The increasing likelihood of a sharp slowdown in economic activity due to the coronavirus pandemic forces the government to take extreme measures. As a result, last Friday, the Fed announced its readiness to purchase municipal debt obligations with a high rating, and the maturity of which is up to one year. This will not only help attract more money to the market, but also protect mutual funds.
Just last week, the Fed has launched swap lines with the central banks of Canada, Europe and Japan. The provision of dollar liquidity was made to be at zero interest rate, and will last for a period of 84 days. The frequency of dollar transactions with other foreign central banks was also increased.
However, despite all the measures, the US stock market still did not improve. Today, the futures in the S&P 500 index reached 2,180 points, maintaining their negative dynamics.
The sharp increase in home sales on the US secondary market also did not help the US dollar. According to the report of the National Association of Realtors, because of the low mortgage interest rates, the index increased by 6.5% in February 2020 and amounted to 5.77 million homes per year. Economists had expected it to increase by only 0.7%, amounting to 5.50 million homes a year.
The pressure on risk assets will continue to persist as long as there is no positive news on countering the spread of the coronavirus. Right now, the buyers of the euro are protecting this year's low, but it is not clear how much they will last.
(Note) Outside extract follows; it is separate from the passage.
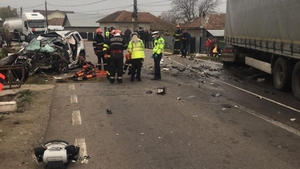 Accident cumplit în județul Prahova! O mașină a fost spulberată de un TIR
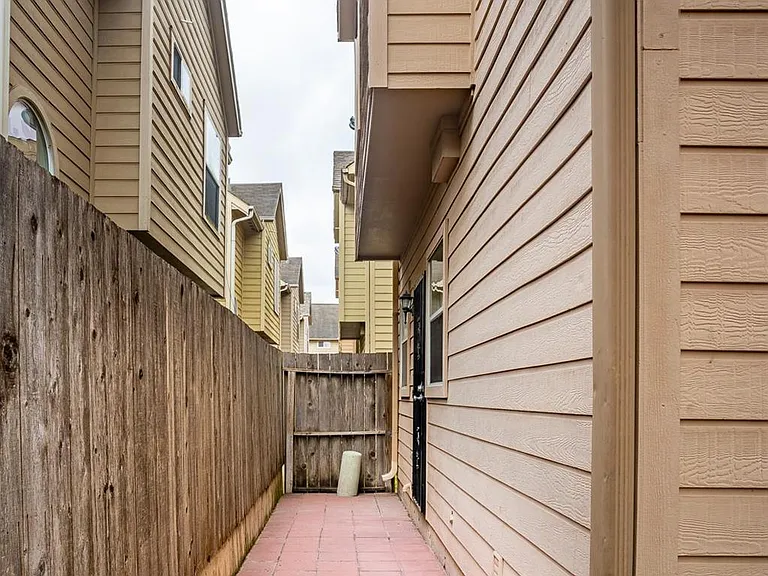 2220 Naomi St — Photo 12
Most likely, a repeated decline to the support area of 1.0650 will lead to a breakdown and further sell-off of EUR/USD in the area of 1.0600 and 1.0530. But, in the case of an upward correction, the bears will act more actively from the resistances around 1.0780 and 1.0830.
GBP/USD
The pound's situation is quite complex. Although its current lows are very attractive for long-term purchases, it is very difficult to trade it because of the high volatility that the pair is demonstrating. Nevertheless, there are still supporters of long positions, and this includes the Bank of America, which believes that the British pound will recover against the dollar because of the reduced tensions in terms of dollar liquidity.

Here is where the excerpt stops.